You can choose to keep it activated if that is how you want to create applications but it won't be officially supported by packages, future releases or in the documentation.

Class Middleware

All middleware are now classes:


this is different from the previous string based middleware


Removed the Payload Input

Previously when getting an incoming JSON response, we had to get the values via the payload input like so:

from masonite.request import Request
def show(self, request: Request):
return request.input('payload')['id']

which was kind of strange in hindsight.
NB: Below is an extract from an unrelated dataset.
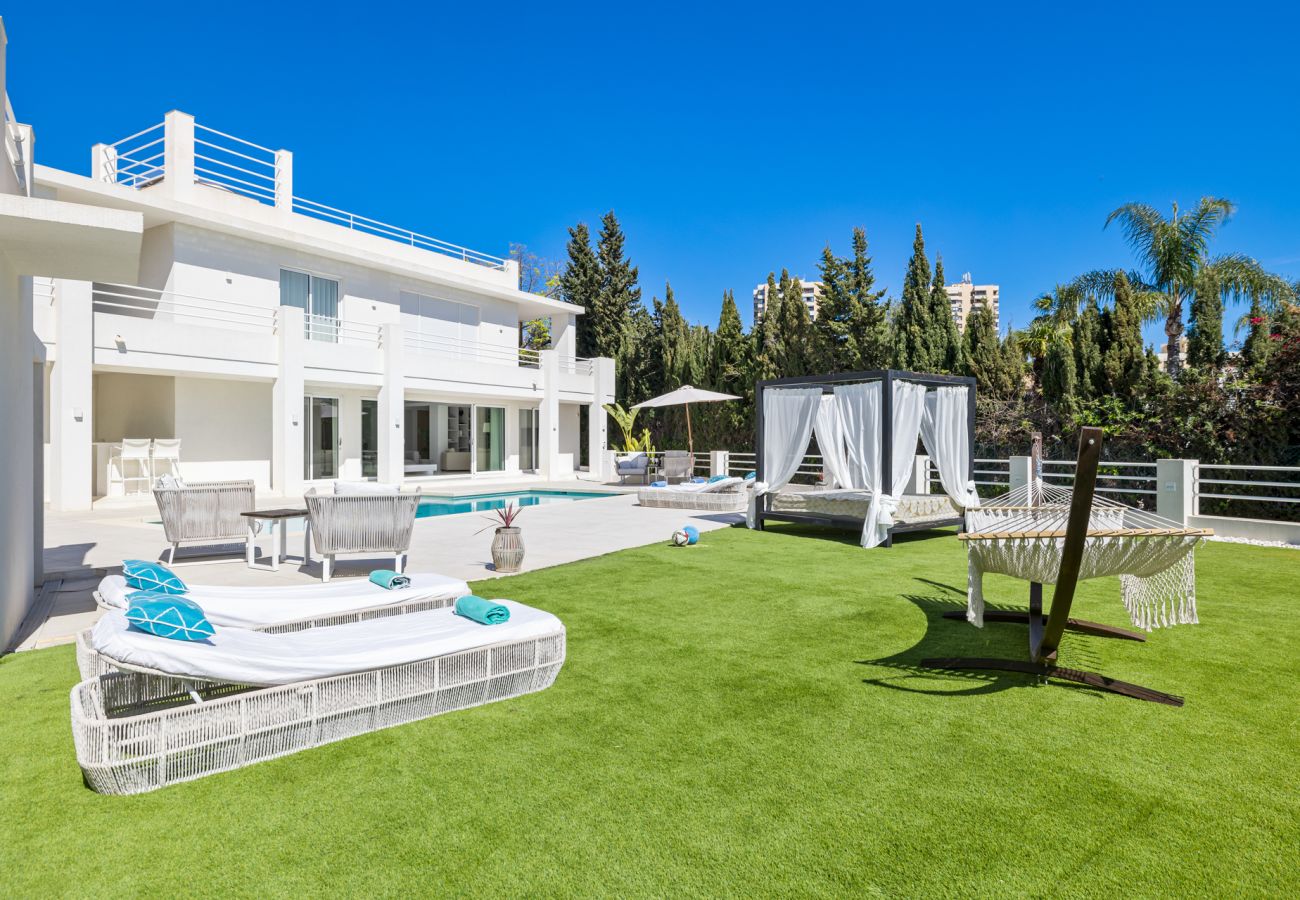 Villa in Marbella - Villa La Colina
Now we can just straight up use the input:

from masonite.request import Request
def show(self, request: Request):
return request.input('id')

Again this is only a change for incoming JSON responses. Normal form inputs remain the same.

Removed the facades module.

Previously we had a facades module but it was being unused and we didn't see a future for this module so we moved the only class in this module to it's own class. All instances of:

from masonite.facades.Auth import Auth

now become:

from masonite.auth import Auth

RouteProvider Refactoring


We refactored a lot of the ResponseProvider which is the provider with the most complex logic to make the framework work and is responsible for all the logic involved in finding and parsing route and controller logic.

In this refactoring we moved a few things out and abstracted them away. For one we moved the parsing of JSON responses to it's own JsonResponseMiddleware.

Moved parameter parsing into if statement

We also noticed that for some reason we were parsing parameters before we found routes but we only ever needed those parameters inside our routes so we were parsing them whether we found a route or not. We moved the parsing of parameters into the if statement that executes when a route is found.

When we say "parsing route parameters" we mean the logic required to parse this:


into a usable form to use on the request class this:

from masonite.request import Request
def show(self, request: Request):

Added ability to set your template splices

Currently we splice our templates using the / character like this:

return view('template/some/directory')

but we can set that character in a boot method of a Service Provider:

from masonite.view import View
def boot(self, view: View):

and then use it like this in all of our controllers:

return view('')

It's a little bit cleaner and we can do it on a per project basis.

Moved the CsrfMiddleware into core and extended it

We moved the CSRF middleware completely into the core framework and allow developers to extend from it now. This will allow us to fix any security bugs that are apart of the CSRF feature.

You may see this pattern a lot in the future which is only extending classes from the core framework so we can hot fix things much better.

Completely cleaned the project

Masonite now has a plethora of docstrings on each and every class by default to really give the developer an understanding about what each default class is actually doing and what it is dependent on.

Masonite is also much more PEP 8 compliant. We removed all instances of triple single quotes: ''' for the more preferred and PEP 8 compliant double quotes """ for docstrings.

We also cleaned a lot of the classes generated by the auth command since those were pretty ugly.

Removed Helper functions by default

We also removed all instances of helper functions by default since it was confusing developers and was throwing red squiggly marks for text editors. Now all default code explicitly resolves via the container and helper functions can be used on the developers own terms.

Added seeds by default

Now every application has a basic seeding structure setup which is the same as if running the craft seed command. This is to promote more use of this awesome feature which can be used in migration files for quick seeding of databases for development.

Added code to file in migrations and seeds

We were previously not able to import code into our migration files or database seeders because the command line tool would not pick up our current working directory to import classes into. Now the migrations module and seeds module have 3 lines of code:

import os
import sys

this helpers when running the command line to import code into these modules.

Route Printing

In development you would see a message like:

GET Route: /dashboard

When you hit a route in development mode. Well you would also hit it in production mode too since that was never turned off. Although this is likely fine, it would slow down the framework significantly under load since it takes a bit of resources to print something that didn't need to be printed. This enables a bit of a performance boost.